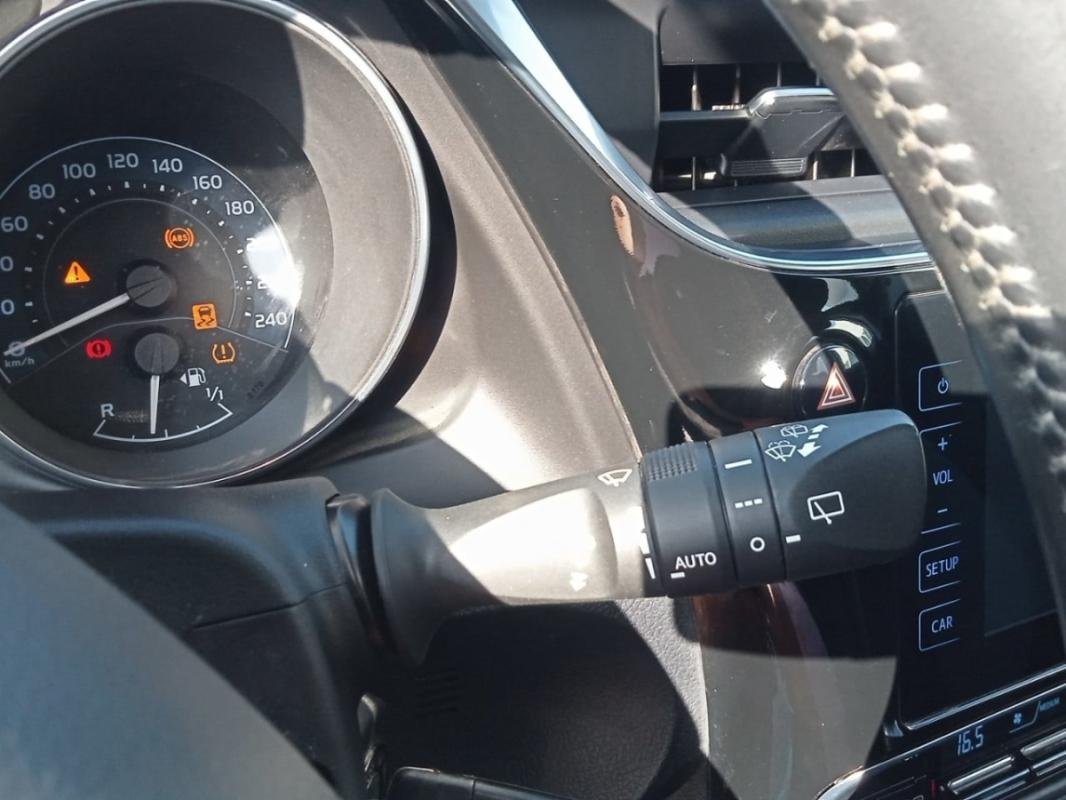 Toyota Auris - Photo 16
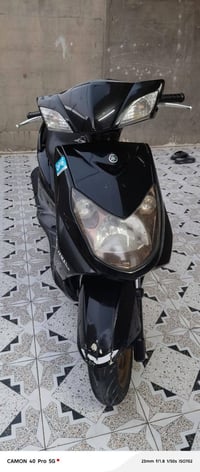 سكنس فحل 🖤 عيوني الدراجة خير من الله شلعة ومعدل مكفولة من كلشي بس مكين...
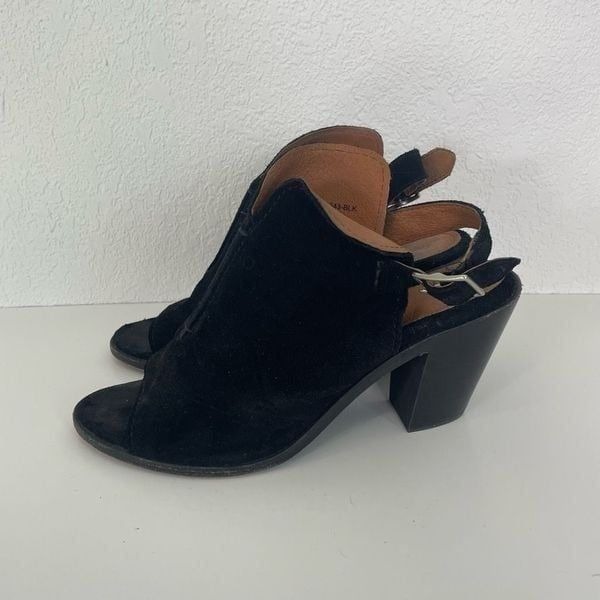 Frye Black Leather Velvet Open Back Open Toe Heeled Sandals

***

Repeat the lines above exactly, and keep every picture out.

> **Solution below**:
 Toyota Auris - Photo 16
 سكنس فحل 🖤 عيوني الدراجة خير من الله شلعة ومعدل مكفولة من كلشي بس مكين...
 Frye Black Leather Velvet Open Back Open Toe Heeled Sandals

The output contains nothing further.